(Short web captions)
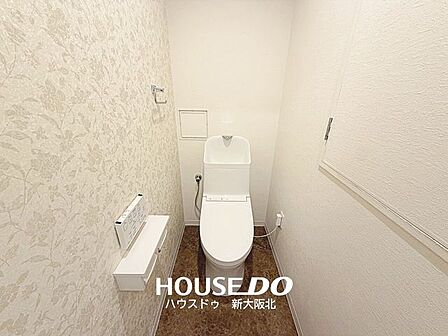 ■年中いつでも快適にご使用いただける温水便座付きトイレ！■壁掛けリモコンがついているので操作もスムーズです！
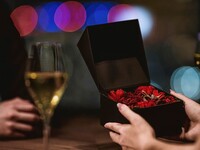 【プロポーズプラン】ベイエリア一望の36階窓際席確約、乾杯シャンパン、フルコース、生花リングピロー付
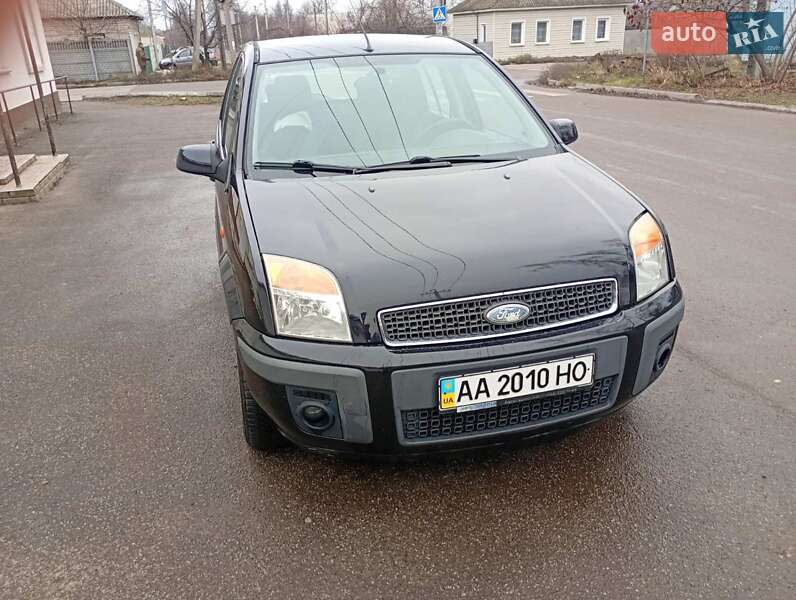 Хэтчбек Ford Fusion 2008 в Прилуках фото 5 Хэтчбек Ford Fusion 2008 в Прилуках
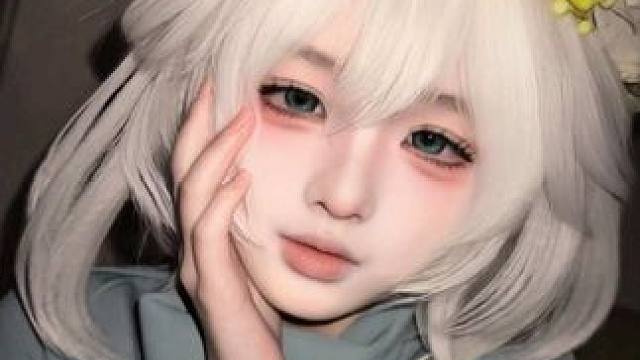 某年某月某个星期几 某时某地你为我淋雨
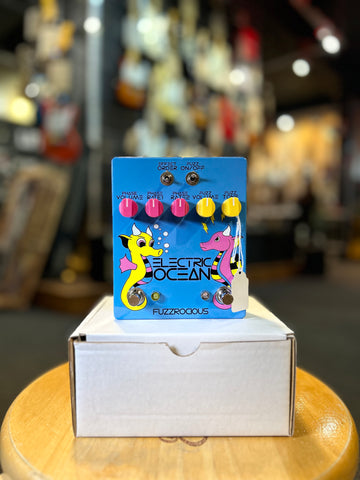 Fuzzrocious Electric Ocean Fuzz/Phaser Guitar Effects Pedal (with box)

Your goal:
Each entry above should come back word for word, and no picture should come with it.

Solution to the exercise:
 ■年中いつでも快適にご使用いただける温水便座付きトイレ！■壁掛けリモコンがついているので操作もスムーズです！
 【プロポーズプラン】ベイエリア一望の36階窓際席確約、乾杯シャンパン、フルコース、生花リングピロー付
 Хэтчбек Ford Fusion 2008 в Прилуках фото 5 Хэтчбек Ford Fusion 2008 в Прилуках
 某年某月某个星期几 某时某地你为我淋雨
 Fuzzrocious Electric Ocean Fuzz/Phaser Guitar Effects Pedal (with box)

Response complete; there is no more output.